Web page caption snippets
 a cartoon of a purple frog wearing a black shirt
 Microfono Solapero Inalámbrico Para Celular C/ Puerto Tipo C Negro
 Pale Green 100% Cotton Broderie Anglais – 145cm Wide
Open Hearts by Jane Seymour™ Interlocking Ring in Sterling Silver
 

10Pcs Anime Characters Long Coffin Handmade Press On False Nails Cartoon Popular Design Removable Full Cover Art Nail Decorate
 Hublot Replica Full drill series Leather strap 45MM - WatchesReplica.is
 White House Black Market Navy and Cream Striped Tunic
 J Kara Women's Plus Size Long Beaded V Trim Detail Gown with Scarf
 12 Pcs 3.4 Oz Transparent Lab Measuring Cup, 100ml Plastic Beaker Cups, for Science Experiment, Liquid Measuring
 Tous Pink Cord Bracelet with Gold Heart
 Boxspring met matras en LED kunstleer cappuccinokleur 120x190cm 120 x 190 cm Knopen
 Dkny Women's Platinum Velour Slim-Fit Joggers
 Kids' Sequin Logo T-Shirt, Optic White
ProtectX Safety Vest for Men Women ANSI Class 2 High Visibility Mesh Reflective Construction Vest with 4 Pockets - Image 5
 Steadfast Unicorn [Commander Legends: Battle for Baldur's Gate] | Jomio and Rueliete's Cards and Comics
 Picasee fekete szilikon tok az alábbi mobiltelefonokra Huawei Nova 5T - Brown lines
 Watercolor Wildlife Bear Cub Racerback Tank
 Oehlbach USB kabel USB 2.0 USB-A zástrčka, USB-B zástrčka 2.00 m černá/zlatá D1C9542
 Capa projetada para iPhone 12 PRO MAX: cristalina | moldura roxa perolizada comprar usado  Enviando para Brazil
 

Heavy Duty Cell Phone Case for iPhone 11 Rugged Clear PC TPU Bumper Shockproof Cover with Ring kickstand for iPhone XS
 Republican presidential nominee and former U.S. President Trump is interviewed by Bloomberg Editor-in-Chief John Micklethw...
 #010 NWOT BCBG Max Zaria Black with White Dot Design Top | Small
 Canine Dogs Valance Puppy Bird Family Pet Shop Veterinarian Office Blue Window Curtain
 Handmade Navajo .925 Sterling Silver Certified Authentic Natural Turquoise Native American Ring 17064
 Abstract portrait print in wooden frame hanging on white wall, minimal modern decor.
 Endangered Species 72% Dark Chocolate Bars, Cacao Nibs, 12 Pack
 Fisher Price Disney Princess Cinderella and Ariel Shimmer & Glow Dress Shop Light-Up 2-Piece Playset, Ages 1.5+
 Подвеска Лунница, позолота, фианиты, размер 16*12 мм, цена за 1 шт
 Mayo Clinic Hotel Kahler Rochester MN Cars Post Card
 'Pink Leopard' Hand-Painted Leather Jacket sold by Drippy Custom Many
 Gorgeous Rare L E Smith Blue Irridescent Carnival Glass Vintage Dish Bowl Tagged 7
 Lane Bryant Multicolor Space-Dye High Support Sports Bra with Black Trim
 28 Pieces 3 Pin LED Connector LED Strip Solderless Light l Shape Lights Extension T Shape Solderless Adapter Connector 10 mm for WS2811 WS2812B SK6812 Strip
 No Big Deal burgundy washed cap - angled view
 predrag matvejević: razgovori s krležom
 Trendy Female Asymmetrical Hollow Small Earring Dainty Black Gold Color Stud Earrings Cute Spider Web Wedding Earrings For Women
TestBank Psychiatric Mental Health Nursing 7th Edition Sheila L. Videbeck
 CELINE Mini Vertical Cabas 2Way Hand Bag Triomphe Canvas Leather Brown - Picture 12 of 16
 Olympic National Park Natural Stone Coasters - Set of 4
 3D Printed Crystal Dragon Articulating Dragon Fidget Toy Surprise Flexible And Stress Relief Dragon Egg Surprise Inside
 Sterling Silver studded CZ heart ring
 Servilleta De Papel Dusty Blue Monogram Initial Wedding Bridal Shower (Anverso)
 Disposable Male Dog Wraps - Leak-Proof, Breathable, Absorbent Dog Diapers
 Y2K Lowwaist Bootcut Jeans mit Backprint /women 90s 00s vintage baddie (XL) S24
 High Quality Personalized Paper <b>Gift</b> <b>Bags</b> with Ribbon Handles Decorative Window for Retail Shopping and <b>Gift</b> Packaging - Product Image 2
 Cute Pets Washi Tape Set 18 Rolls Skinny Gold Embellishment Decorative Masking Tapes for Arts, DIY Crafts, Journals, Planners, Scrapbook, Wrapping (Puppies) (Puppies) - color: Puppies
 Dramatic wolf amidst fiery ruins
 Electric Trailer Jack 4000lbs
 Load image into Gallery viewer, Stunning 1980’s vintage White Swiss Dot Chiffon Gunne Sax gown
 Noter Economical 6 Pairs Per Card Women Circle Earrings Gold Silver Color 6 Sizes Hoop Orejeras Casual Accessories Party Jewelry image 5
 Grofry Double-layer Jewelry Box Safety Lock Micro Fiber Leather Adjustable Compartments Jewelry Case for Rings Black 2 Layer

Goal of the exercise -
Lines from the one containing "Servilleta De Papel" through the last line of the records, both included, are the only ones to print, each exactly as it is.

Solution for this exercise -
 Servilleta De Papel Dusty Blue Monogram Initial Wedding Bridal Shower (Anverso)
 Disposable Male Dog Wraps - Leak-Proof, Breathable, Absorbent Dog Diapers
 Y2K Lowwaist Bootcut Jeans mit Backprint /women 90s 00s vintage baddie (XL) S24
 High Quality Personalized Paper <b>Gift</b> <b>Bags</b> with Ribbon Handles Decorative Window for Retail Shopping and <b>Gift</b> Packaging - Product Image 2
 Cute Pets Washi Tape Set 18 Rolls Skinny Gold Embellishment Decorative Masking Tapes for Arts, DIY Crafts, Journals, Planners, Scrapbook, Wrapping (Puppies) (Puppies) - color: Puppies
 Dramatic wolf amidst fiery ruins
 Electric Trailer Jack 4000lbs
 Load image into Gallery viewer, Stunning 1980’s vintage White Swiss Dot Chiffon Gunne Sax gown
 Noter Economical 6 Pairs Per Card Women Circle Earrings Gold Silver Color 6 Sizes Hoop Orejeras Casual Accessories Party Jewelry image 5
 Grofry Double-layer Jewelry Box Safety Lock Micro Fiber Leather Adjustable Compartments Jewelry Case for Rings Black 2 Layer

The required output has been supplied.